| - Ty pieprzony skurwlu, ty chędożony przez strzygę chamie, ty… - Cedził przez zęby jeden z poganiaczy koni wpatrując się w Słowika. - Ja Ci dam nierówna! - Krzyknął wskazując na ziemię. - Ona równiejsza niż wygolone cipki najdroższych nierządnic w Harpii! - Darł się na cały głos, wskazując bramę miasta i przy okazji reklamując burdel, trzy ulicę od targu. - Nierówna i tyle. - Powiedział Słowik klęcząc nad parą kości starannie wyrzeźbionych z drewna. Podniósł nawet jedną z nich, przyjrzał się jej dokładnie i wskazał na kilka rowków w budowie. - Nie dość, że droga nierówna, to i kość też kantowana. Gówno Ci zapłacę, boś oszust. - Dodał ściskając pięść na sakiewcę. - CO?! - Pachołek cały poczerwieniał na twarzy, sięgając po zardzewiały nóż przy pasie. - Ty mnie będziesz, w rzyć chędożony najmito, od oszusta nazywał? Ja ci pokażę, gdzie te obelgi możesz sobie… - Slavko! - Ross przywołał chłopaka do porządku. - Oszuście niewydarzony, zbieraj kości i spieprzaj konie napoić! - Słowik wpatrywał się w niego szczerząc zęby. Jego jak zwykle gładko ogolona i poorana bliznami twarz nabrała karykaturalnego wyrazu. - Nierówna i kości kantowane. - Dodał w stronę odchodzącego pochołka. Ten jeszcze pokazał mu obelżywy gest, zanim zniknął między wozami.
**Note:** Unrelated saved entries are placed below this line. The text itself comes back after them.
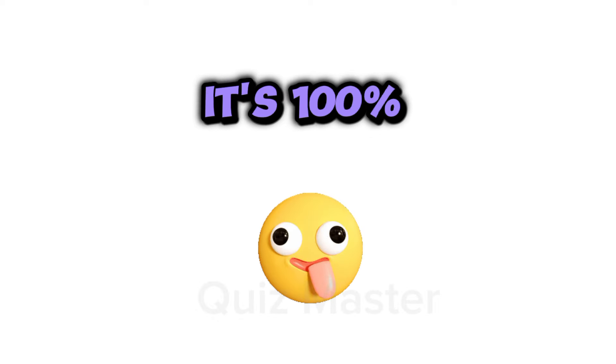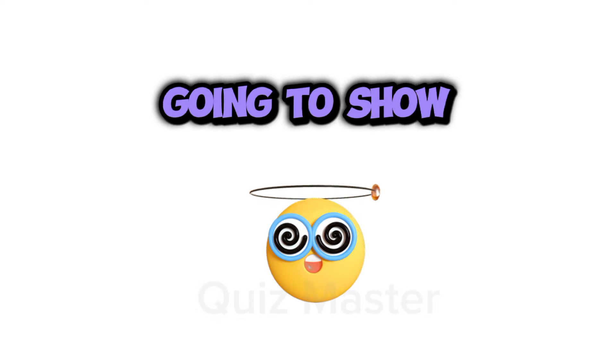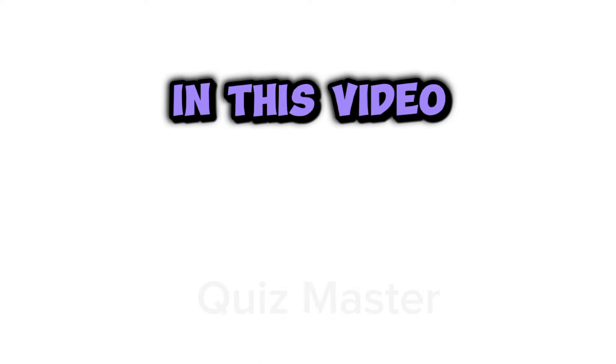Yep, you heard it right. It's 100% real. I'm actually going to show your face in this video.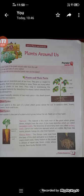Good morning children. This is class 4, previous book. Let's do an explanation of Lesson 17, Plants Around Us.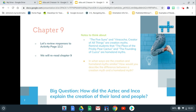Remember the Aztec myth is where they looked up. They were walking around for 200 years. The priest was able to look up in the sky and he saw the symbol of the eagle on the cactus with the snake in the mouth. Their guide told them that once they saw that, they knew that was the location where they needed to start their civilization.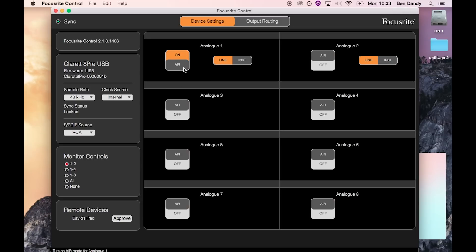Here you can engage the air function of the preamp. Here you can select inputs 1 and 2 between inst and line.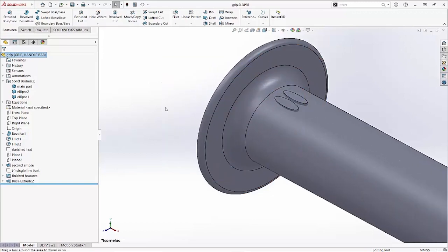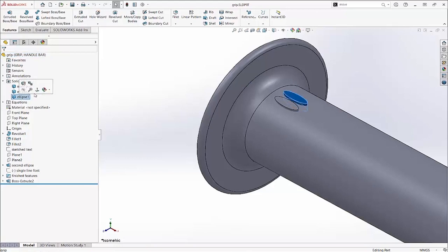This is a multibody part, and there are two elliptical bodies. Here's one, and here's the other one.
Słowik jednak przestał zwracać na niego uwagę, kiedy Ross ruchem dłoni przywołał jego i innych. - Tam patrzcie. - Wskazał na drogę, którą przybyli. - Jacyś konni jadą. - Może się załapiemy z nimi do środka, albo trochę dołożą.
- Może…
Po kilku chwilach zbrojni byli tuż obok nich. Skupieni byli pod czerwoną chorągwią z orłem dumnie rozpościerającym skrzydła. Na czoło wysunął się barczysty mężczyzna z wąsem. Uzbrojony był raczej licho w skórzany pancerz, miecz i kuszę. Raczej posłaniec, niźli ktoś znaczący. - Wy tam, okrzyknąć się i gadać zaraz, co tu robicie! – krzyknął mężczyzna, bez zbędnych ceregieli sięgając po kuszę. Pozostali również wycelowali swoją broń w kupców.
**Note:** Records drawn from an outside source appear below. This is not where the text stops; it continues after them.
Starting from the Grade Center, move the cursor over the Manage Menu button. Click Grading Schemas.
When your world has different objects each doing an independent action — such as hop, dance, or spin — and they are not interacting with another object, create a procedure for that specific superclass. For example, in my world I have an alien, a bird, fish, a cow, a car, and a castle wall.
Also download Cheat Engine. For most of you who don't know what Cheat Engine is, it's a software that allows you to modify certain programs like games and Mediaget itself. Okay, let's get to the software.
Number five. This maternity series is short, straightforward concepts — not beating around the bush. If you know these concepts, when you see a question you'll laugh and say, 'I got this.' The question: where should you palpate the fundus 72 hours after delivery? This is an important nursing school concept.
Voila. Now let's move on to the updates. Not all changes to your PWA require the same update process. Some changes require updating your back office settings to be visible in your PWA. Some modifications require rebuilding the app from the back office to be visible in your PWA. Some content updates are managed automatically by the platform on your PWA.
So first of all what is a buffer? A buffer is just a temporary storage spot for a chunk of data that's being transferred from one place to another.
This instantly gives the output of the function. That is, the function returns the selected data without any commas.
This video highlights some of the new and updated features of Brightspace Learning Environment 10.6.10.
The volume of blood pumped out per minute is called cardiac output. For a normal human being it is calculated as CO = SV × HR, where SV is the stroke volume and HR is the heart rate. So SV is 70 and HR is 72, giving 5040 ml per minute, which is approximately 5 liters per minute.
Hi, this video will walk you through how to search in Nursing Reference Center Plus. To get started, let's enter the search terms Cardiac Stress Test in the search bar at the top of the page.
Słowik schylił się za wozem, wyciągając ze skórzanej pochwy swój długi łuk. Drugą ręką sięgnął po strzałę, upewniając się, że to jego, a nie wyszarpana z trupa na trakcie. Klęczący obok w błocie kupiec spojrzał na niego przestraszony. - Może by, panie Słowik najpierw z nimi pogadać? - Wyjąkał. - To idź i gadaj. Mi nie za gadanie płacisz.
Kupiec wziął głęboki oddech, wyglądając trochę zza wozu. - Dobra, dobra, róbcie swoje, ale ani ładunkowi, ani nam ma nic się nie stać, o! I nie zabijać ich jak można, a przekonać, że nie ma co strzelać, bo problem tylko będzie…
Słowik skinął głową, wychylając się zza wozu.
Z napiętą cięciwą, celując w głowę prowadzącego konnych przeszedł kilka kroków, zastawiając swoim ciałem kupca, który nie zdążył czmychnąć za wóz, a teraz sparaliżowany strachem stał tylko wpatrując się w celujące w niego bełty. Obok Słowika pojawił się Elf wołając do tamtego, że są tylko karawaną i jej eskortą. - A wy?! - Krzyknął najemnik. - Bo jak dla mnie to, żeś bandyta pod pięknym sztandarem! Grozisz w kupcom, którzy zgodnie z prawem podróżują po trakcie! Pod murami miejskimi wyciągasz broń! Kto jak nie bandyta, tak robi?!
Słowik w głowie miał odpowiedź. Głupi skurwiel przekonany, że może zrobić wszystko i wszędzie. Dziadyga jakiś na usługach jednego z okolicznych lordów. Nie do wyobrażenia, jak nie znosił tych patałachów.
Ręka, którą napinał łuk zaczęła drżęć trochę z wysiłku, trochę z zamysłu. - Dalej w nich celuj, to mimo woli strzałe wypuszczę i na miejscu trupem położe! Albo jak żeś prawy, to broń Ty i kompani opuście, jak ludzie porozmawiamy!